◆ What to do ◆
Your answer must be an exact copy of the listing that follows, with all pictures omitted.

◆ Task input ◆
——

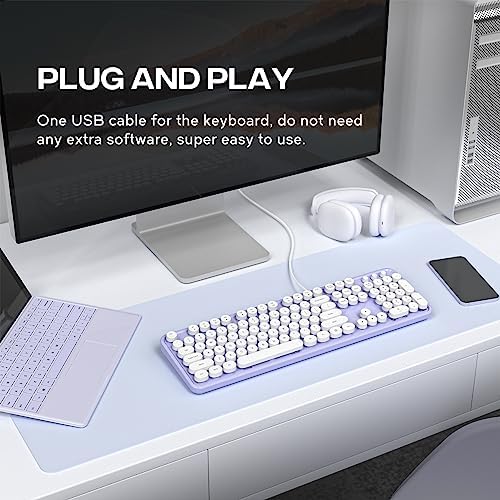 Retro-Inspired Full Size Typewriter Keyboard with Number Pad – Wired USB Keyboards for Windows 7, 8, 10, 11 | Enhance Your Typing Experience with Classic Charm and Modern Efficiency | Perfect for Home and Office Use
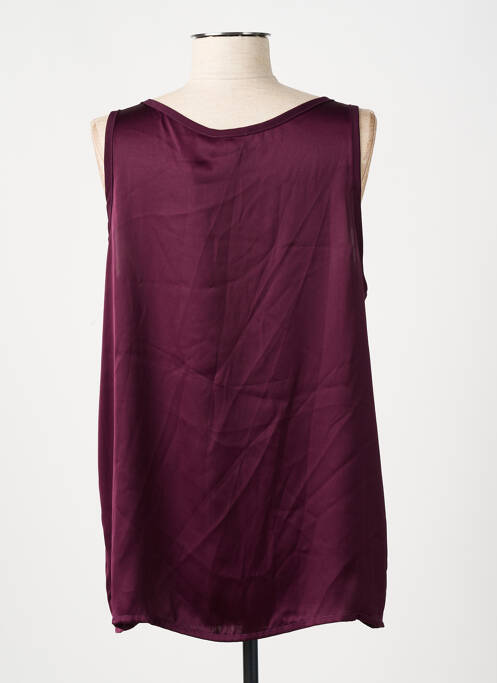 Top coupe fluide sans manche violet PABLO femme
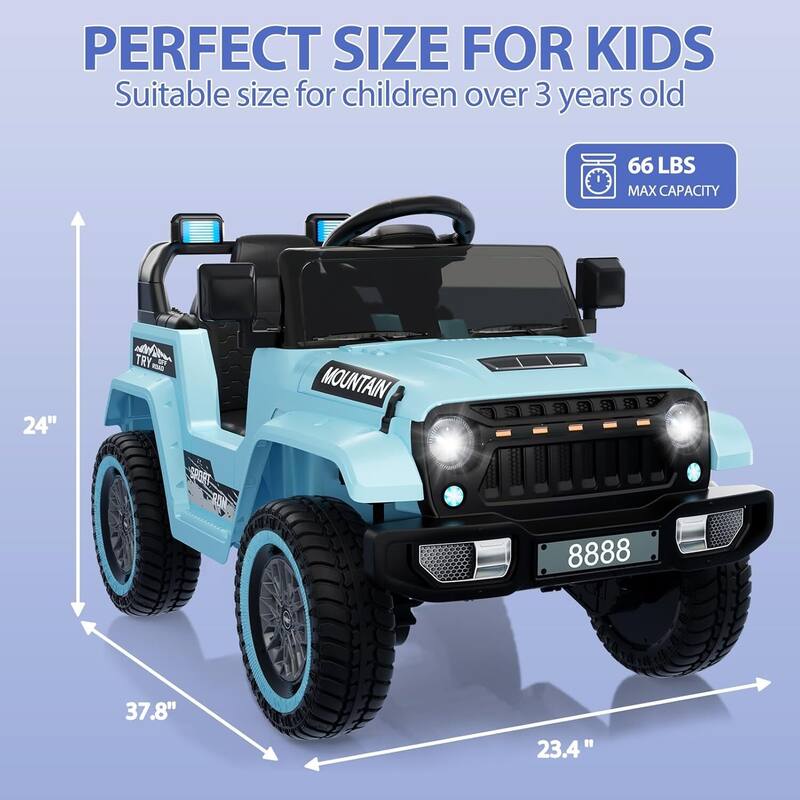 Electric Toy Car, 12V Kids Ride on Car with Remote Control Best Gift for Boys Girls, Light Blue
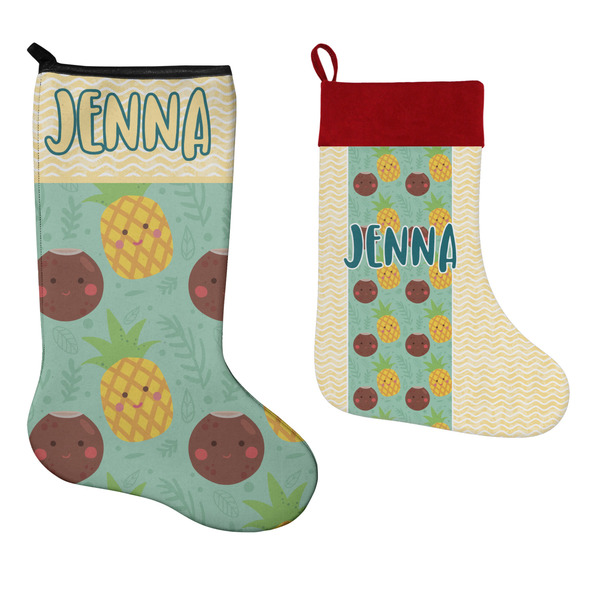 Pineapples and Coconuts Stockings - Side by Side compare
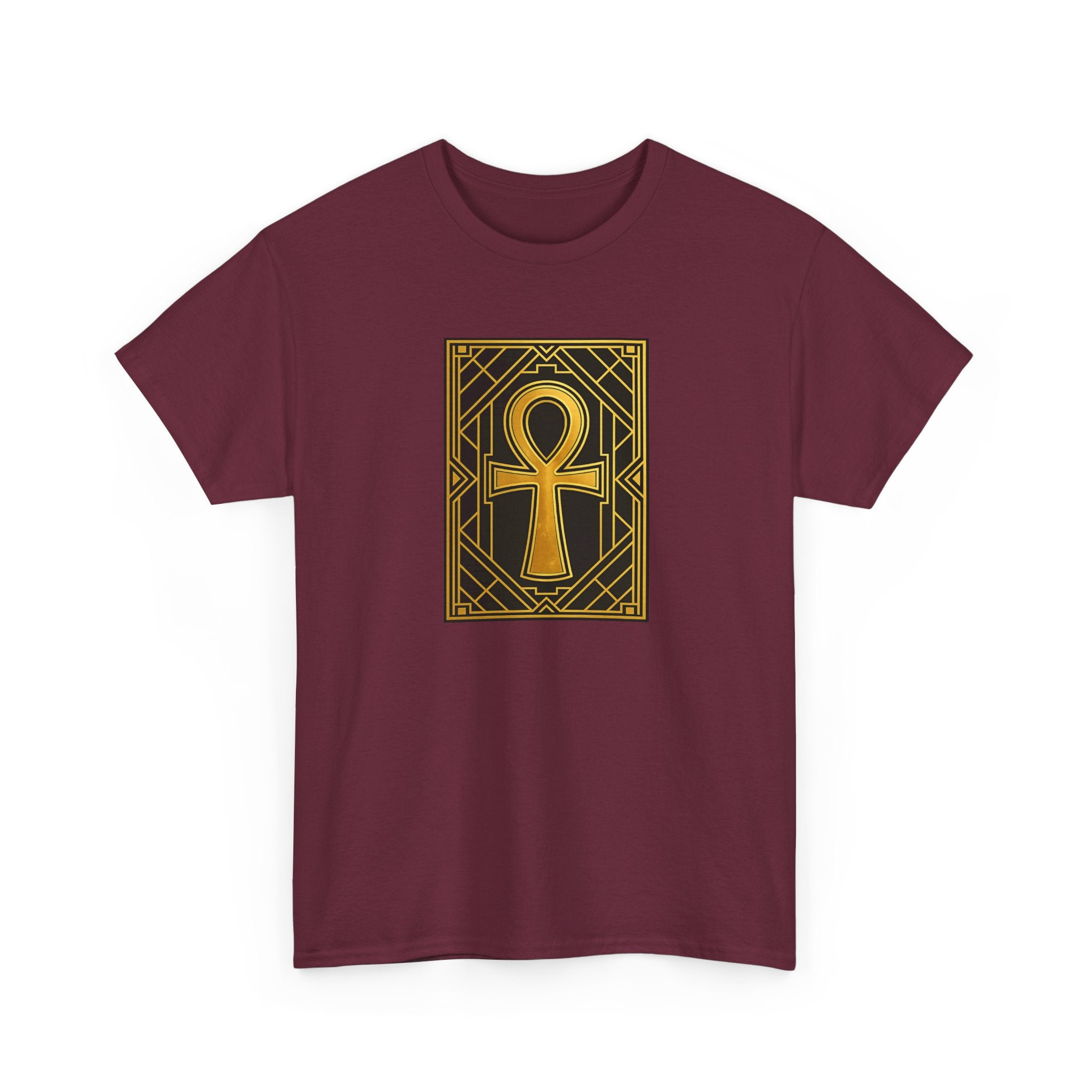 Camiseta Ankh Dorado — Diseño Art Déco Egipcio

——

◆ Final answer ◆
 Retro-Inspired Full Size Typewriter Keyboard with Number Pad – Wired USB Keyboards for Windows 7, 8, 10, 11 | Enhance Your Typing Experience with Classic Charm and Modern Efficiency | Perfect for Home and Office Use
 Top coupe fluide sans manche violet PABLO femme
 Electric Toy Car, 12V Kids Ride on Car with Remote Control Best Gift for Boys Girls, Light Blue
 Pineapples and Coconuts Stockings - Side by Side compare
 Camiseta Ankh Dorado — Diseño Art Déco Egipcio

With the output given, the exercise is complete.